Fig. 1
Standing 51” hip-to-ankle X-ray. Mechanical alignment is within normal limits, Note the patient has a 5 cm block under his right foot in order to level his pelvis
Fig. 2
Lateral X-ray of the right femur demonstrating an apex anterior mid-diaphyseal deformity
3 Preoperative Problem List
1.
Right femur 40° procurvatum deformity
2.
4.5 cm limb length discrepancy
3.
Sciatic nerve at risk
4 Treatment Strategy
1.
Peroneal nerve release (do not close the wound, monitor nerve tension during surgery)
2.
Open wedge resection (location and size previously planned)
3.
Proximal fragment reaming
4.
Distal fragment reaming through osteotomy
5.
Nail insertion
6.
Autograft application (from resected wedge)
5 Basic Principles
The surgical planning should consider a wedge with an angle equal to the angle to correct.
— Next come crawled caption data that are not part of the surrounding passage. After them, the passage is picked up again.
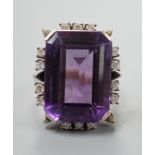 A 585 white metal emerald cut amethyst and diamond set cluster ring, size L, gross weight 11.5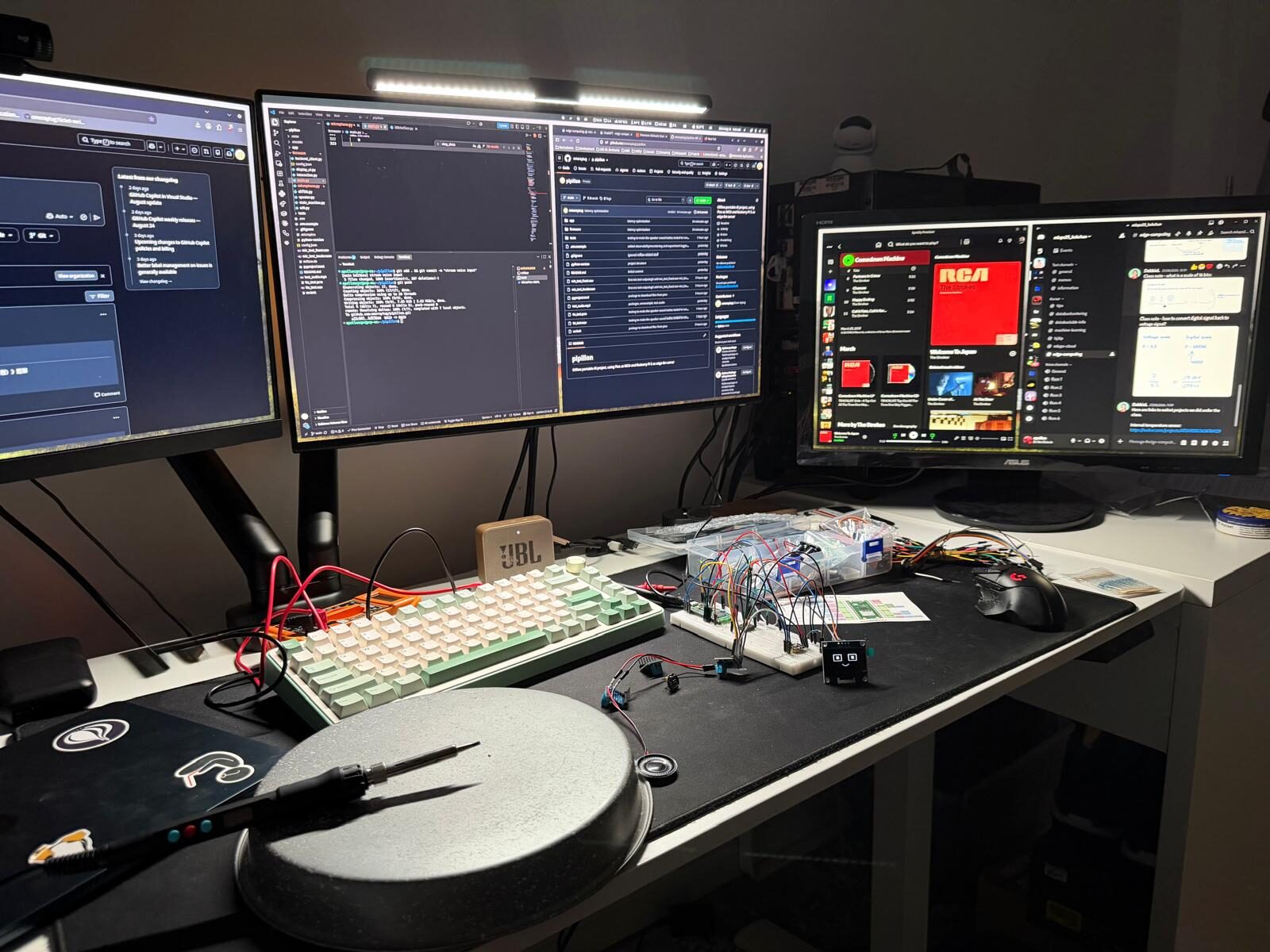 My desk in the middle of the build: breadboard with the Pico and the OLED face, a soldering iron, and a lot of wires.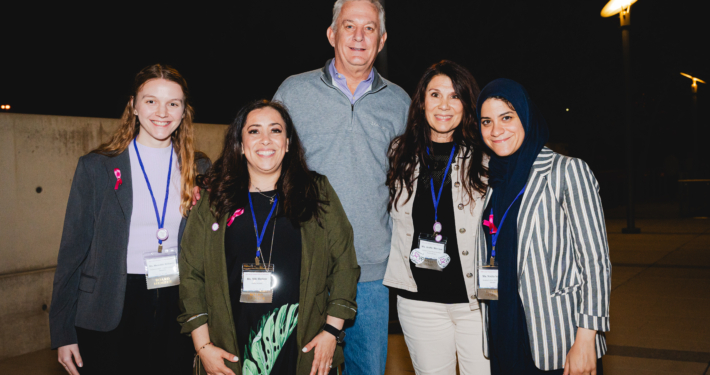 Five members of the Chelsea's Hope Board of Directors smiling and standing together.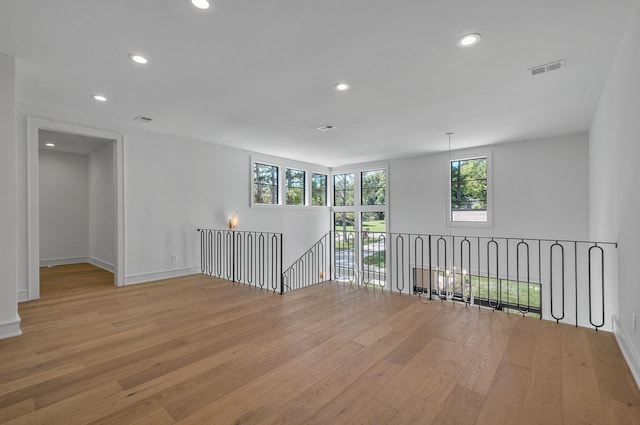 unfurnished room with visible vents, recessed lighting, a wealth of natural light, and light wood-style floors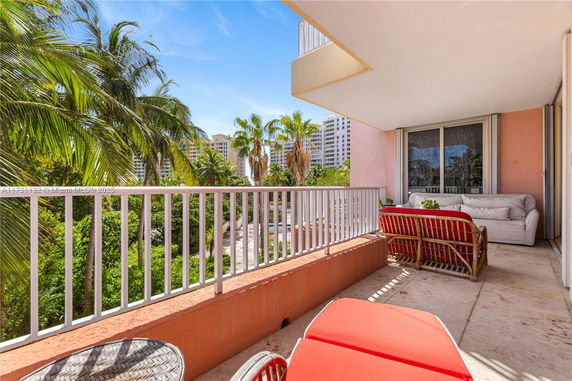 Balcony view with seating and railing, overlooking palm trees and distant high-rise buildings.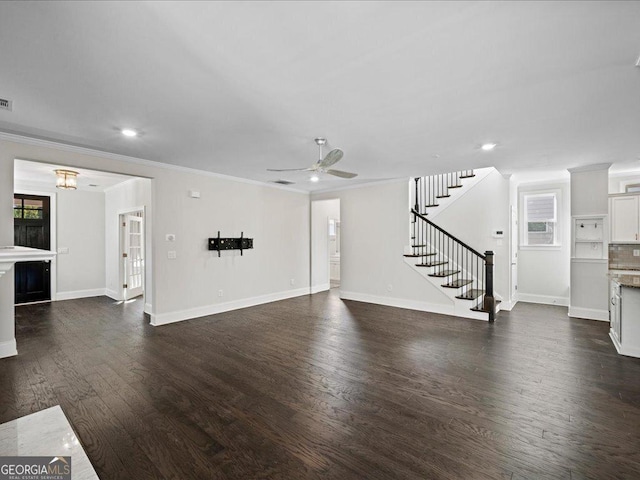 unfurnished living room featuring ceiling fan, dark hardwood / wood-style flooring, and ornamental molding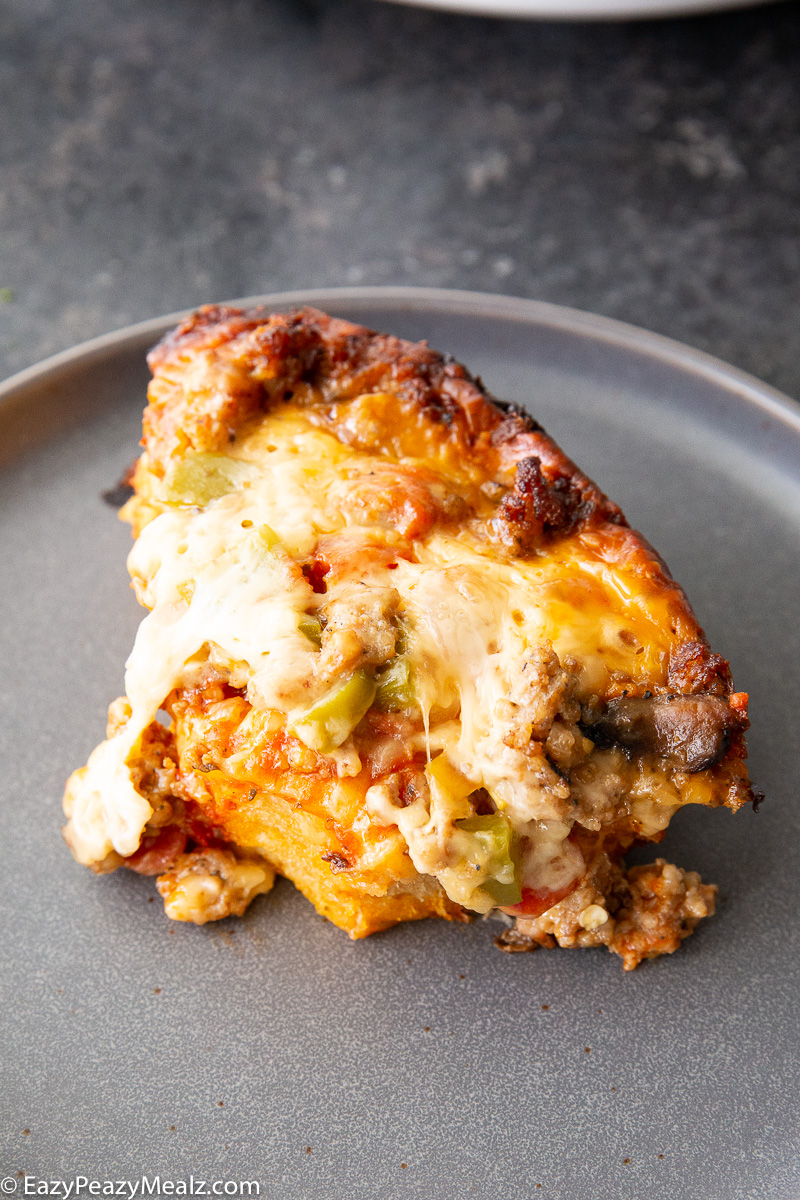 Pizza made in the slow cooker, a cross between pizza and casserole.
Its apex should be located posteriorly in the bone (closed wedge) to keep the bone length. In case a concern of sciatic nerve stretching exists, the apex should be located at the posterior soft tissues (trapezoid bone wedge). In that case, less nerve stretching will take place. Temporary anterior and lateral external fixation (fixator-assisted nailing) is an option during the surgery to help with reduction and maintain rotational alignment (not used in this case). A lengthening will be performed at a second stage as needed to achieve femoral length equality. An alternative would have been to do a percutaneous osteotomy and perform a gradual correction using a Taylor spatial frame. However, following patient desires to avoid external fixation, a staged procedure was elected as the treatment method.